Using the listing below, copy exactly each line from the one that has "2026 Kawasaki KFX®50" through the one that has "Bosch 6CT-60 S4"; omit the pictures.

DATA Block Start

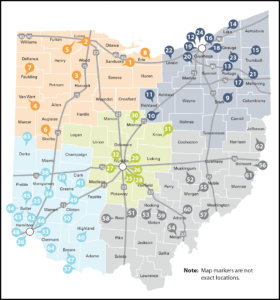 The Ohio Literary Trail - 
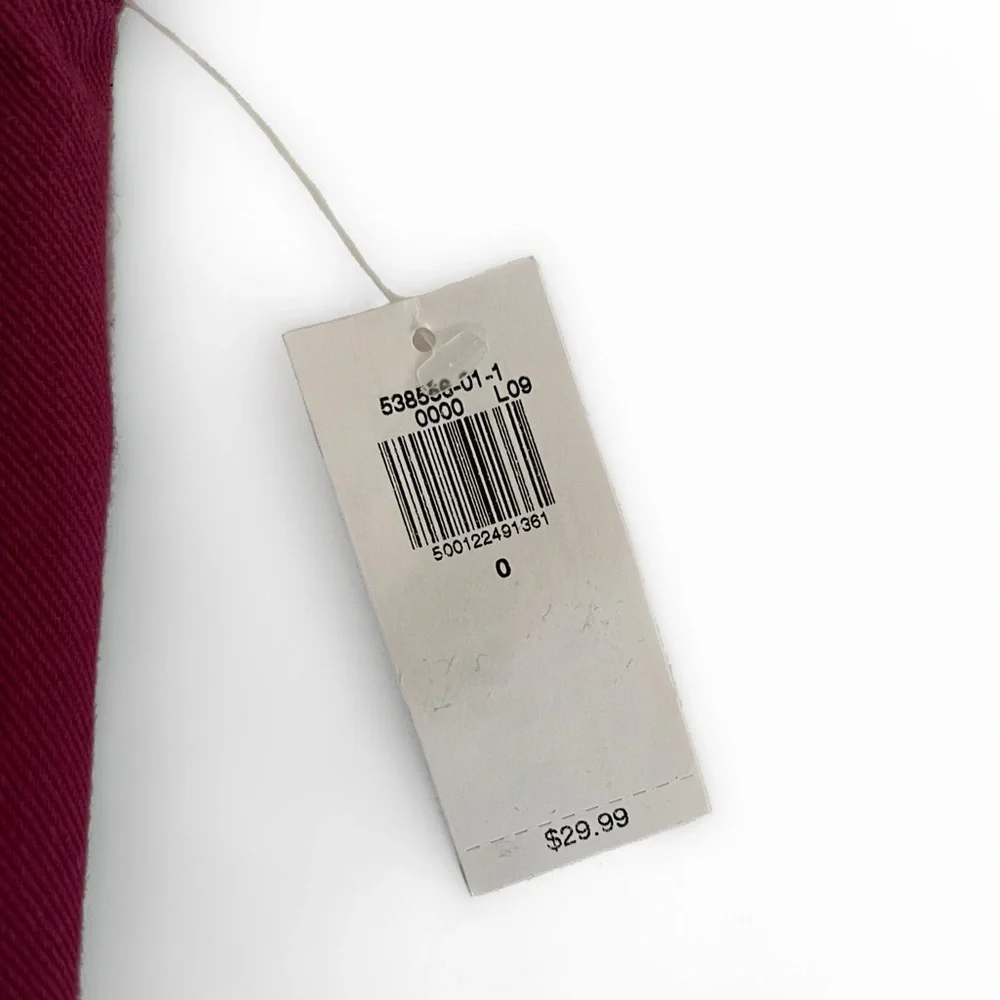 Old Navy Fuchsia Pink Mini Skirt Size 0 - Picture 13 of 13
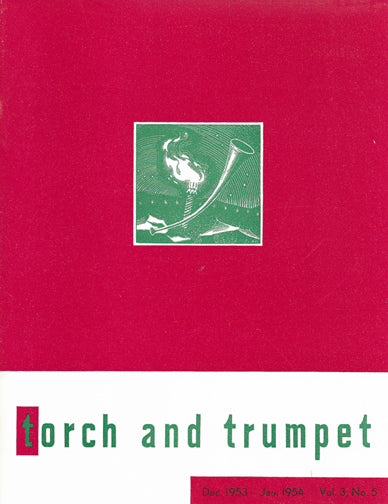 1953-05 December January Torch Trumpet Digital - Volume 3, Issue 5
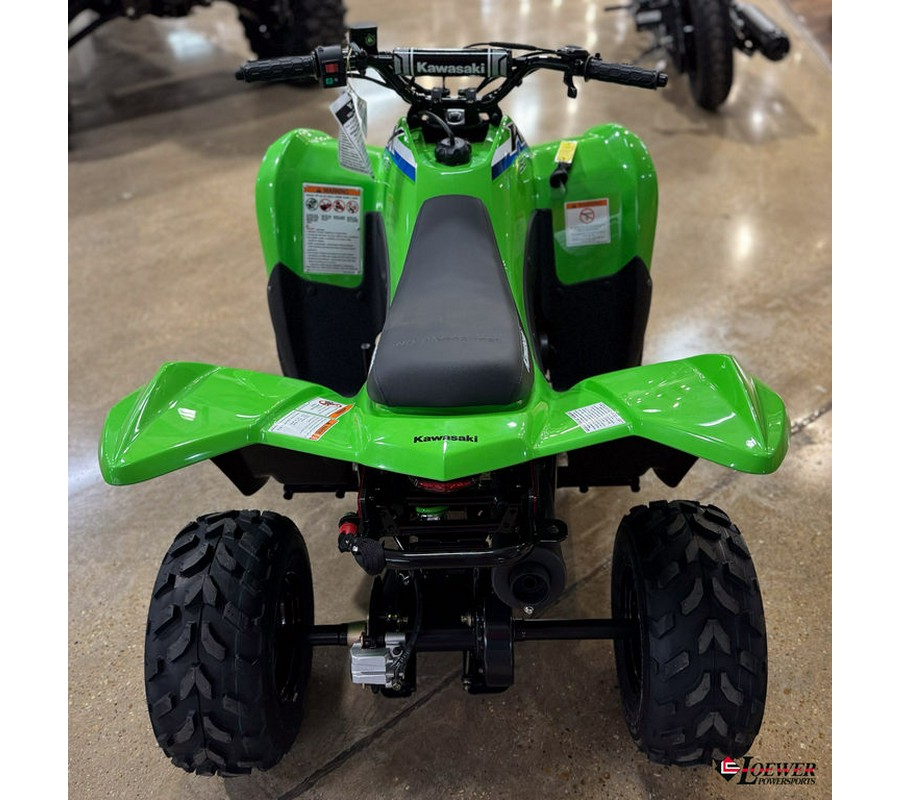 2026 Kawasaki KFX®50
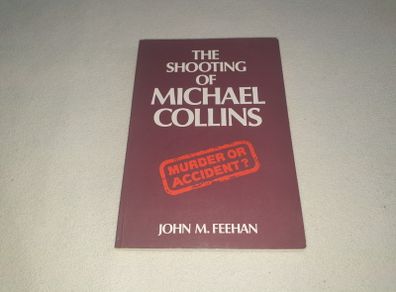 Now on Hold          The Shooting Of  Michael Collins Book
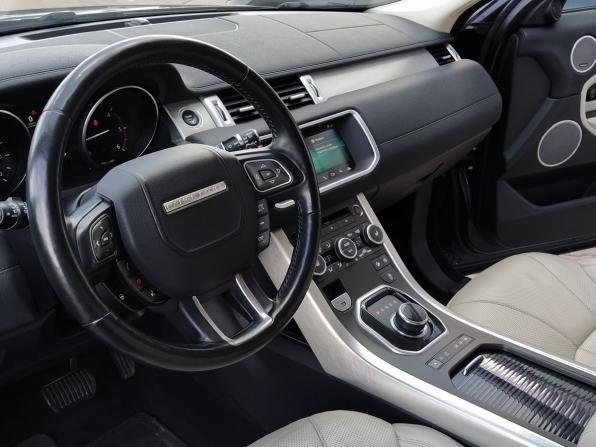 Land Rover Range Rover Evoque I Рестайлинг с пробегом 2017 года, цена 2 640 000 рублей, 96500 км, внедорожник, Автокод Объявления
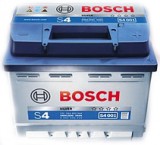 Bosch 6CT-60 S4 Silver (S40 040) -  1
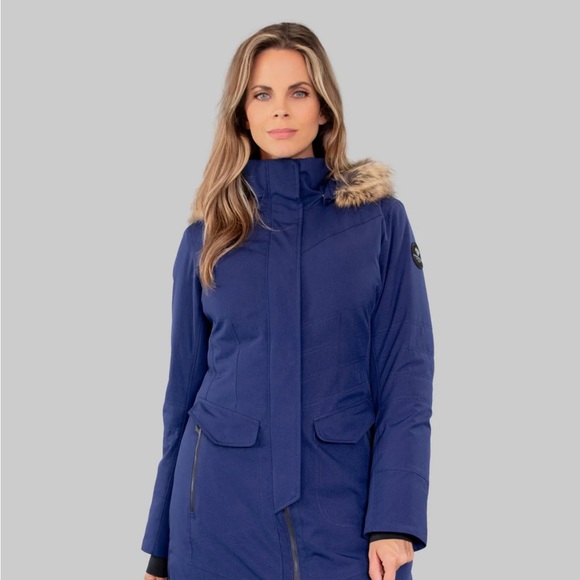 Women’s Obermeyer Sojourner Down Jacket Size 4 - Picture 10 of 11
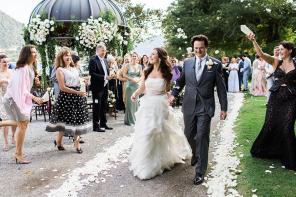 Real Wedding - Majestätische Hochzeit am Comer See - 21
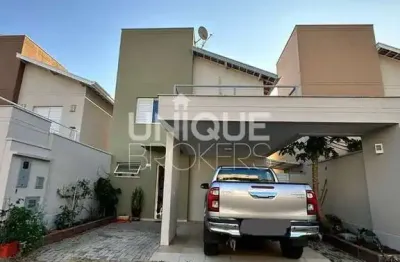 Casa em condomínio fechado com 3 quartos à venda na Avenida Professor Pedro Clarismundo Fornari, 475, Engordadouro, Jundiaí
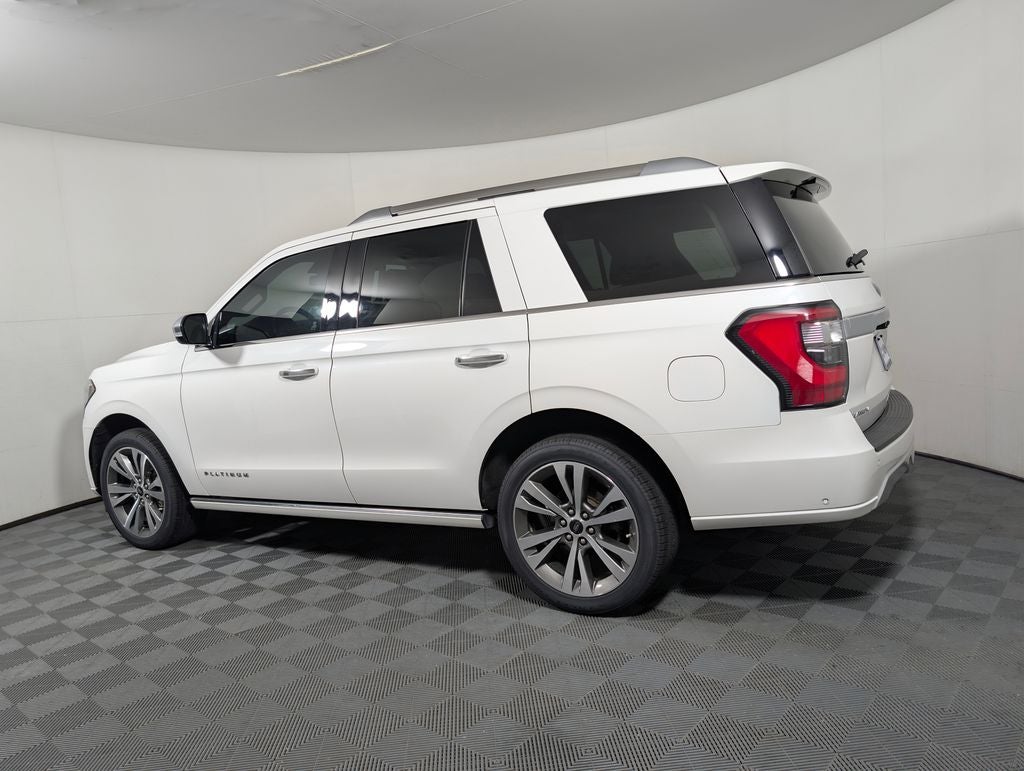 2020 Ford Expedition Platinum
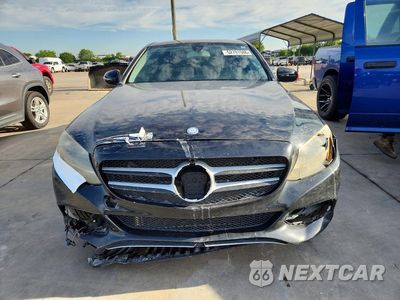 Piąte zdjęcie samochodu w środku: 2016 MERCEDES-BENZ C 300 VIN:55SWF4JB9GU161330 - miniatura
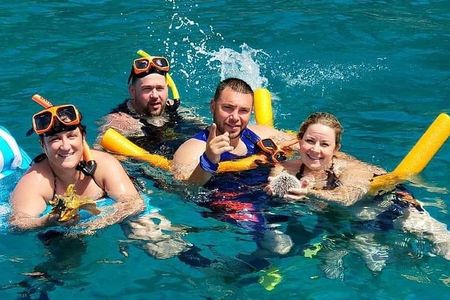 JetSki Snorkel Adventure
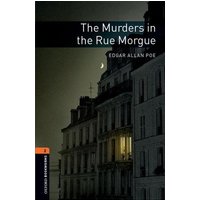 Poe, E: Murders in the Rue Morgue von Oxford Uni. Press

DATA Block End

- RESULT -
 2026 Kawasaki KFX®50
 Now on Hold          The Shooting Of  Michael Collins Book
 Land Rover Range Rover Evoque I Рестайлинг с пробегом 2017 года, цена 2 640 000 рублей, 96500 км, внедорожник, Автокод Объявления
 Bosch 6CT-60 S4 Silver (S40 040) -  1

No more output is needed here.